Compared to 2011, when he announced his arrival on the Asian Tour with the ISPS Handa Singapore Classic title, the season that went by saw Himmat Rai keep a low profile. “A quiet year?” The gaze steely, he replied, “It was a bad year.”
Unwavering, the tone hadn’t an iota of emotion. Figures show a slip in his Order of Merit standing in Asia, from 16th in 2011 to 46th last season, but keeping a keen eye on the “percentage of fairways and greens hit”, Himmat is ready to wait. “It’s all about time; when the next win will come.”
Setting aside sentiment from his game is a trait he’s worked on from his days as a junior. The attempt gathered momentum after he turned professional in 2007. Not only is it about observing the “progression graph” sans bias, Himmat feels a jaundiced view severely eats into “quality family time”.
A loner on the golf course, the 25-year-old has solid family support to fall back on. High or low, it is the consistent outlook at home towards his craft that helps Himmat stay steadfast. By leaving his troubles on the greens is his way of acknowledging the kindly act.
It was the short game that got most of his attention in the off-season, but also on the agenda was playing out numerous rounds in an attempt to score low. Standing on the practice greens of the Kensville Golf and Country Club, Himmat can vouch that the lessons learnt would stand him in good stead in this week’s Gujarat Kensville Challenge.
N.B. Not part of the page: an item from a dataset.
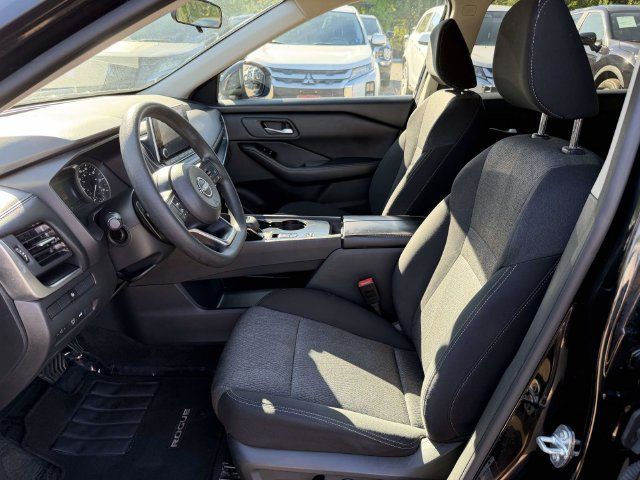 Used 2024 Nissan Rogue SV FWD image 16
Fretting over aspects like not figuring in Wednesday’s pro-am is not for him. “The list drew from the top-10 on the merit list (of the Professional Golf Tour of India), I didn’t figure in it (by virtue of playing very little at home), so what people think doesn’t matter,” said Himmat.
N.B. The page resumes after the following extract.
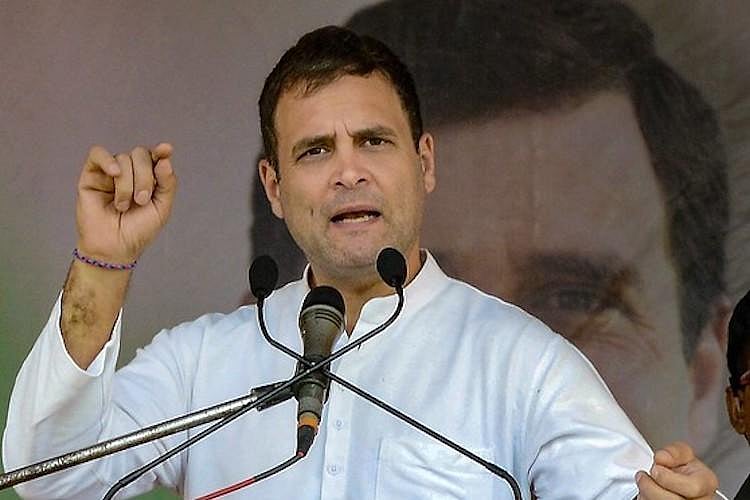 “மழை பெய்தால் ரேடாரிலிந்து விமானங்கள் மறைந்துவிடுமா?” : மோடியை கிண்டல் செய்த ராகுல்!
Rather, he’d dwell on featuring in the curtain raiser to the $5 million Alfred Dunhill Links Championship (on the European Tour) in September.
His parents too would be present to watch the son tee off at St Andrews. But will their walking the Old Course and in other marquee events distract?
“No,” came the firm answer. “On the course, it’s me, the ball and that particular hole.”